One of the most important things to know about a nonprofit organization is that it is not owned by its founders. Unlike a private business that can be sold after it has grown big and profitable, a nonprofit organization belongs to the public at large. If it dissolves, generally its assets must be given to another nonprofit organization that has a stated business purpose that is as similar as possible to the dissolved nonprofit's purpose. If its assets are misapplied or used for private benefit by the officers, the state attorney general (or a similar official) can seize them.
In order to be exempt under the tax laws, a nonprofit organization can only perform certain functions listed in those laws. If it goes outside those limits, the nonprofit may have to pay taxes on some of its income, pay penalties, or lose its exemption entirely.
Most types of tax-exempt, nonprofit organizations are forbidden from contributing to political campaigns and may only do a limited amount of lobbying.

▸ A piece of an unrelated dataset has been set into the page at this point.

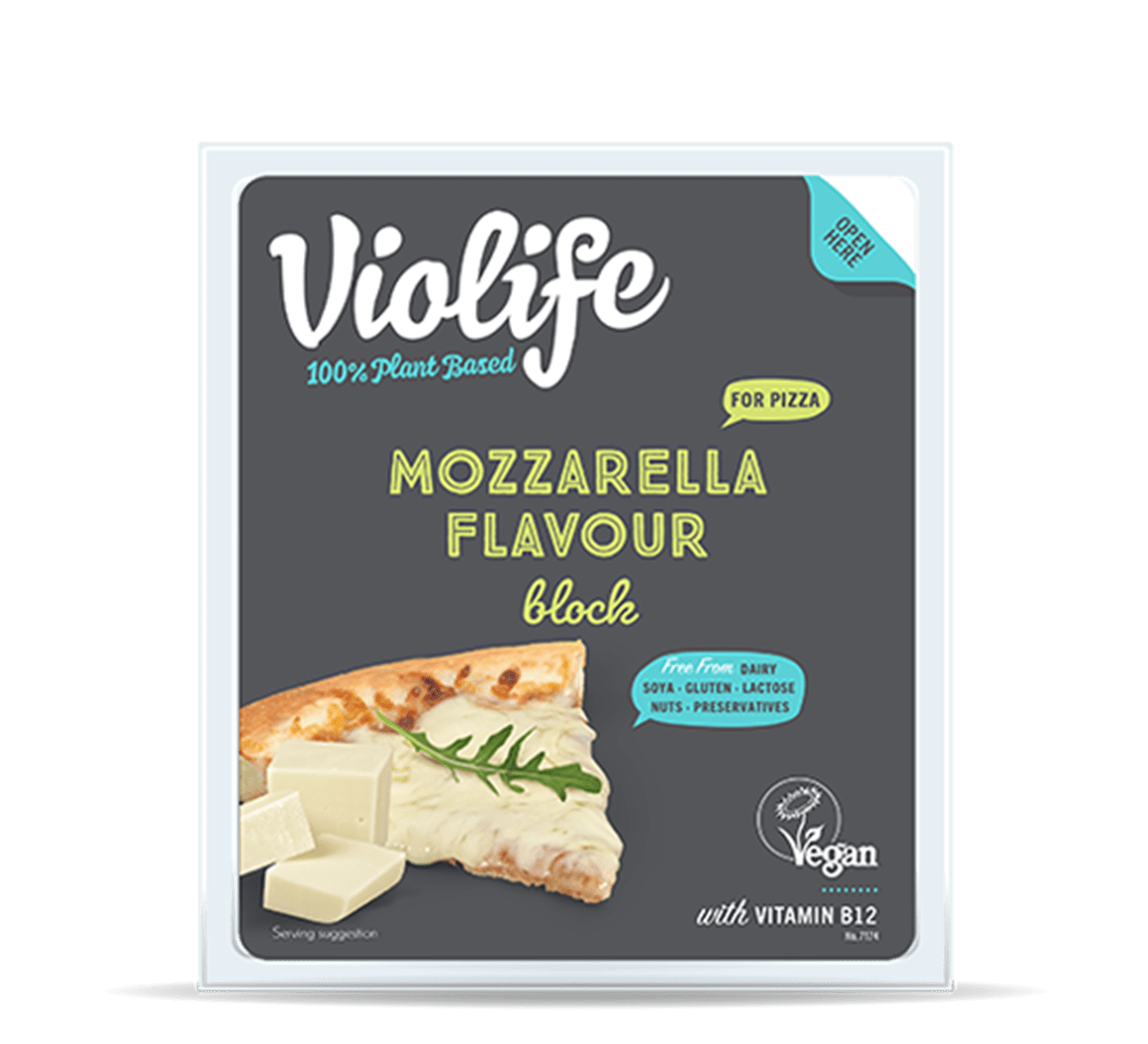 Violife Mozzarella flavour Block for pizza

Another disadvantage is public scrutiny. Because a nonprofit organization is dedicated to the public, its finances are open to public inspection. This means that the public can obtain copies of any nonprofit's tax returns, and can find out its salaries and other expenditures.
Under IRS regulations, you must provide any member of the public who requests it with a copy of your application for tax exemption (Form 1023 or 1024) and copies of your nonprofit’s recent tax returns (Form 990 or 990-EZ). You can charge a reasonable fee for the cost of copying and delivering them.